> **Task item**
Below are some records; quote exactly the lines from the one that contains "Raw Speed RC" through the one that contains "Cream Large Butter Dish | Farmhouse", inclusive, and no others.

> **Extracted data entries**
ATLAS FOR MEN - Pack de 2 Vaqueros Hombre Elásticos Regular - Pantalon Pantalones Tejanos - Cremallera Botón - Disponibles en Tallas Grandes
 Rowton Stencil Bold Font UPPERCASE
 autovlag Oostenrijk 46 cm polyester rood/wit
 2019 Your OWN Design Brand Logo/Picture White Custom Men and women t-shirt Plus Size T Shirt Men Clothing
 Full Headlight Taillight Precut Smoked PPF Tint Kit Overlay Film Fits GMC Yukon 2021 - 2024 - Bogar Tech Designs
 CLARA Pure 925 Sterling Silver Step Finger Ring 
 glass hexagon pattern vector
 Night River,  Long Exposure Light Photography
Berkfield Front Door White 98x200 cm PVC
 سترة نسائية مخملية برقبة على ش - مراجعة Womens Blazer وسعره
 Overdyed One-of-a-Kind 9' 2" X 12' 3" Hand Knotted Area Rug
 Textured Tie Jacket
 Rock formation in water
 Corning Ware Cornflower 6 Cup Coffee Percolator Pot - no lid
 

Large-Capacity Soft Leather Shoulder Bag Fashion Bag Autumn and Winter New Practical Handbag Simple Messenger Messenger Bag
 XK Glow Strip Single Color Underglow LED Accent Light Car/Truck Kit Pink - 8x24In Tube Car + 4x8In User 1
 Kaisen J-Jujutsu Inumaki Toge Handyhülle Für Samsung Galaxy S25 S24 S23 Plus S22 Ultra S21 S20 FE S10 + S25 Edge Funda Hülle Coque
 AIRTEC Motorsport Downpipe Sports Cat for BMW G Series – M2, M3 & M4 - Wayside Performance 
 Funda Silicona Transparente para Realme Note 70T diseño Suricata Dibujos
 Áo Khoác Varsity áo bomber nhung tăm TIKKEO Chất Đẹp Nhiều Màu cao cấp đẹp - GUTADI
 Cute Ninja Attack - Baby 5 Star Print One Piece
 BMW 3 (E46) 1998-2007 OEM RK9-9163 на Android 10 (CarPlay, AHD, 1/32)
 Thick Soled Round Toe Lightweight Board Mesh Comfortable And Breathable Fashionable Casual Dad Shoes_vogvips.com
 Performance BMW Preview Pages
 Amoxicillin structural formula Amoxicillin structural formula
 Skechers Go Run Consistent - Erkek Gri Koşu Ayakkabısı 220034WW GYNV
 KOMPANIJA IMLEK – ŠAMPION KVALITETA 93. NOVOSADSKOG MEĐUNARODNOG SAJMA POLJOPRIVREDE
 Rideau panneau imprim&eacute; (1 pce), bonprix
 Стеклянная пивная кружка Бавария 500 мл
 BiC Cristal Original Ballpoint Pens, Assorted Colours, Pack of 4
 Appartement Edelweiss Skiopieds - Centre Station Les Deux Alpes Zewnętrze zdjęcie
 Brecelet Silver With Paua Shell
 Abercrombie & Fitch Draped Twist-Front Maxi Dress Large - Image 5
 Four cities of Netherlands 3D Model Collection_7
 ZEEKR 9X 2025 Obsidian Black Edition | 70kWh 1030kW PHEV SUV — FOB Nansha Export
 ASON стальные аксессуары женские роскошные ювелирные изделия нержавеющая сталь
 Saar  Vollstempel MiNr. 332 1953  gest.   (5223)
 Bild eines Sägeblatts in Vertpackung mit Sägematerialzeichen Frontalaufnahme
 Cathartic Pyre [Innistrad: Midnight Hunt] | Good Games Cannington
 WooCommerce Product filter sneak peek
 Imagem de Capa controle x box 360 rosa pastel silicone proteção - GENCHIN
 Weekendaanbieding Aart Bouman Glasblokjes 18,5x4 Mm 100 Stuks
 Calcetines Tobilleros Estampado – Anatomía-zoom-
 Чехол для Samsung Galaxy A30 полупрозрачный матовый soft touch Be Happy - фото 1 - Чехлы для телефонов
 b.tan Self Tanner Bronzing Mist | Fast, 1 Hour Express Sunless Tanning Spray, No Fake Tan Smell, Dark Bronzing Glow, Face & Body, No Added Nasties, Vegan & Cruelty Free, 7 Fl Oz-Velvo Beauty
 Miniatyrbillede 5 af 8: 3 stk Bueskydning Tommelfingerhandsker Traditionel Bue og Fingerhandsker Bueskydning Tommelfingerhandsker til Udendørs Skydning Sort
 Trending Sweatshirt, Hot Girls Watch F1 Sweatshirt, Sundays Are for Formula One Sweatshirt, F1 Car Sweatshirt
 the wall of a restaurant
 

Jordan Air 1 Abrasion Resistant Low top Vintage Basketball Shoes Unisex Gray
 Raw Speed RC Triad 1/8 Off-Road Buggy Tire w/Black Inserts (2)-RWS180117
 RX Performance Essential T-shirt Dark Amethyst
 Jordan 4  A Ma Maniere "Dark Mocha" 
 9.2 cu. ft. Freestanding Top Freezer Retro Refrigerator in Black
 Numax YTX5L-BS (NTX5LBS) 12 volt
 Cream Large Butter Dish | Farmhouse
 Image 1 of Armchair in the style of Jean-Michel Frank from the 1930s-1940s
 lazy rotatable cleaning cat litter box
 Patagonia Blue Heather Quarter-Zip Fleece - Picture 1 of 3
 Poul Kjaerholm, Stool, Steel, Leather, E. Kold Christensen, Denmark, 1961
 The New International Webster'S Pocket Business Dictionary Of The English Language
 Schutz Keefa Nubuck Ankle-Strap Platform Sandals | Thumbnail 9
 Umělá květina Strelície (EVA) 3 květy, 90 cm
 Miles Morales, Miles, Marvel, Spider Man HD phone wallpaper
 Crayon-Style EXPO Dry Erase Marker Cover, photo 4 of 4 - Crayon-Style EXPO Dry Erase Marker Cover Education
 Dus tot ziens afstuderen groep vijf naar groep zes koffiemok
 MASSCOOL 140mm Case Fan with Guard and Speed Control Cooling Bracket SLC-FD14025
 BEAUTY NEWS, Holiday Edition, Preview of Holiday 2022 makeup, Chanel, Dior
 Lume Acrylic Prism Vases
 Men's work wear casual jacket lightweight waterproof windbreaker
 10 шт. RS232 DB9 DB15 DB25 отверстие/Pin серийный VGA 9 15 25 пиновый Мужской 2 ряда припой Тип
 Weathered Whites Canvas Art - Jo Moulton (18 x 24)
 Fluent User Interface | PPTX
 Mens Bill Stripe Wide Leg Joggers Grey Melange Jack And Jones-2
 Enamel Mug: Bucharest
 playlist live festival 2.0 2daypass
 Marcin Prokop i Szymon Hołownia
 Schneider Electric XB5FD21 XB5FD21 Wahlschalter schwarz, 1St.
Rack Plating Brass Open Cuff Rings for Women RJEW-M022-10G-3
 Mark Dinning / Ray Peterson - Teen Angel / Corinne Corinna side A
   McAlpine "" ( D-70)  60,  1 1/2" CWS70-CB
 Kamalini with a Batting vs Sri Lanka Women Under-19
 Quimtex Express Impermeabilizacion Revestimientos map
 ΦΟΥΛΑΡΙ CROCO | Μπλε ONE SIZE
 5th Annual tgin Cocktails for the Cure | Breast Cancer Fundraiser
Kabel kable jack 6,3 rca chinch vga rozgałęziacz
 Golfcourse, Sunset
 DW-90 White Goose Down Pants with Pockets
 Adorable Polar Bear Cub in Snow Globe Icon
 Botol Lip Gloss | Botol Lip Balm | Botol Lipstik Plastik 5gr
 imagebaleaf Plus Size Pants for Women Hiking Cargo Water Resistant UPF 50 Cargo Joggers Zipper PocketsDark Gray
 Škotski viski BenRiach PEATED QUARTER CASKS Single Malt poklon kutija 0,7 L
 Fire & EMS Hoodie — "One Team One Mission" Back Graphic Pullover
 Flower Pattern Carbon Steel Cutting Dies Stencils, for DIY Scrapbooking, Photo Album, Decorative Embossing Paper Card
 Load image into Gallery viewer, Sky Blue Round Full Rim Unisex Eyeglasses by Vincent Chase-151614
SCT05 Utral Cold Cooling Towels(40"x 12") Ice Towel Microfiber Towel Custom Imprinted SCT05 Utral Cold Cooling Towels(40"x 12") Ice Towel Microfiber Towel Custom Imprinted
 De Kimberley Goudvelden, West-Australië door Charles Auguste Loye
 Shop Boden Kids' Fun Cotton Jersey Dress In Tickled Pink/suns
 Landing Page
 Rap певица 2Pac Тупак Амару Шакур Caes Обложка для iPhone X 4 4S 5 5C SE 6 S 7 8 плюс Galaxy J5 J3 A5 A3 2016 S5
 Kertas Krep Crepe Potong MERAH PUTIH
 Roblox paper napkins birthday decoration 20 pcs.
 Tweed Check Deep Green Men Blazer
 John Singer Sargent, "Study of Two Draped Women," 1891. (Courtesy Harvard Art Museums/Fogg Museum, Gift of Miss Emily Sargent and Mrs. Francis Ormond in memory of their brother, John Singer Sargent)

> **Task answer**
 Raw Speed RC Triad 1/8 Off-Road Buggy Tire w/Black Inserts (2)-RWS180117
 RX Performance Essential T-shirt Dark Amethyst
 Jordan 4  A Ma Maniere "Dark Mocha" 
 9.2 cu. ft. Freestanding Top Freezer Retro Refrigerator in Black
 Numax YTX5L-BS (NTX5LBS) 12 volt
 Cream Large Butter Dish | Farmhouse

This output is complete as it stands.